Last year McChrystal expressed doubt that “young people really would fight it if it was fair, if everybody did it.” Surely Vietnam demonstrated that young people will battle for their freedom. No doubt, most would do less to avoid spending a year picking up litter in the local park than fighting guerrillas in Southeast Asia, but it wouldn’t take many recalcitrants to create bureaucratic and legal chaos. If even one percent of young people resisted, there would be more than 40,000 lawbreakers. Even more likely would be passive resistance—failing to show up at work, doing little on the job, disobeying supervisors, and otherwise treating mandated service with the respect that it deserved. What then? Fines? Jail time? Imagine the lessons taught: those well past the age of service using force to make the young “good.”
America would benefit from a renewed commitment to service. People, in community with one another, should help meet America’s many serious social problems. There is a role for government: officials should eliminate public programs that discourage personal independence and self-responsibility, disrupt and destroy communities and families, and hinder the attempts of people and groups to respond to problems around them.

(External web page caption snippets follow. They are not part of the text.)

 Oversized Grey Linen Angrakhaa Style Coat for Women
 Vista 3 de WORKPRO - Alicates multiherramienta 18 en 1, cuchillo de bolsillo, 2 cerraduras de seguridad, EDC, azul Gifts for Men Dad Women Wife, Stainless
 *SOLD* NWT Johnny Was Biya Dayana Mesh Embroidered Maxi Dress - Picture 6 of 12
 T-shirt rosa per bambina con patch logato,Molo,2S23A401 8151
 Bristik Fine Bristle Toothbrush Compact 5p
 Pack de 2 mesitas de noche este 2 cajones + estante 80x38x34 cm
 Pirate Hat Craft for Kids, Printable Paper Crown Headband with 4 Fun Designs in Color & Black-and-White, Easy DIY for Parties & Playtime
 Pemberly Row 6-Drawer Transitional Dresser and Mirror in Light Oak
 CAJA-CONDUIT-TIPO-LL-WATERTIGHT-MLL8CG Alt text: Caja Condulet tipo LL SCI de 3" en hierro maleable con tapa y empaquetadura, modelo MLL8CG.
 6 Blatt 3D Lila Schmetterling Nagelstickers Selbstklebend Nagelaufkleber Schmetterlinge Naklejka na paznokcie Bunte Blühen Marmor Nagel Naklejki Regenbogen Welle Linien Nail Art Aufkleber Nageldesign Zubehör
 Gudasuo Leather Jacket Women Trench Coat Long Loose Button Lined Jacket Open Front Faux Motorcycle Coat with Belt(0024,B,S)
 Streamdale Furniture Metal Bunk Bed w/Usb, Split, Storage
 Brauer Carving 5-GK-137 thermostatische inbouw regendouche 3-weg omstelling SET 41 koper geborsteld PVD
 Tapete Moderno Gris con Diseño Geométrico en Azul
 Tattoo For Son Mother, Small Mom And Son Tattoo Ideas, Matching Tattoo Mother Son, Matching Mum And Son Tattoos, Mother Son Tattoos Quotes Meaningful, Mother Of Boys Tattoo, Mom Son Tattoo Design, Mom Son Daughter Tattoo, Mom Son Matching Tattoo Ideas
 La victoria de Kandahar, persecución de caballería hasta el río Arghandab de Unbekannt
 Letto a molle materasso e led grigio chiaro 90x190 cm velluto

Moreover, those demanding that others serve should lead by example.
But private activism needs neither oversight nor subsidy from Uncle Sam. Some of the volunteerism can be part-time and some full-time; some can take place within the family, some within churches, and some within civic and community groups. Some may occur through profit-making ventures. There is no predetermined definition of service, pattern of appropriate involvement, set of “needs” to be met or tasks to be fulfilled. There certainly is no need to create a “national” system to inculcate elite values.
America long has benefited from humanitarian impulses, private association, and social diversity. We need more service, not government service.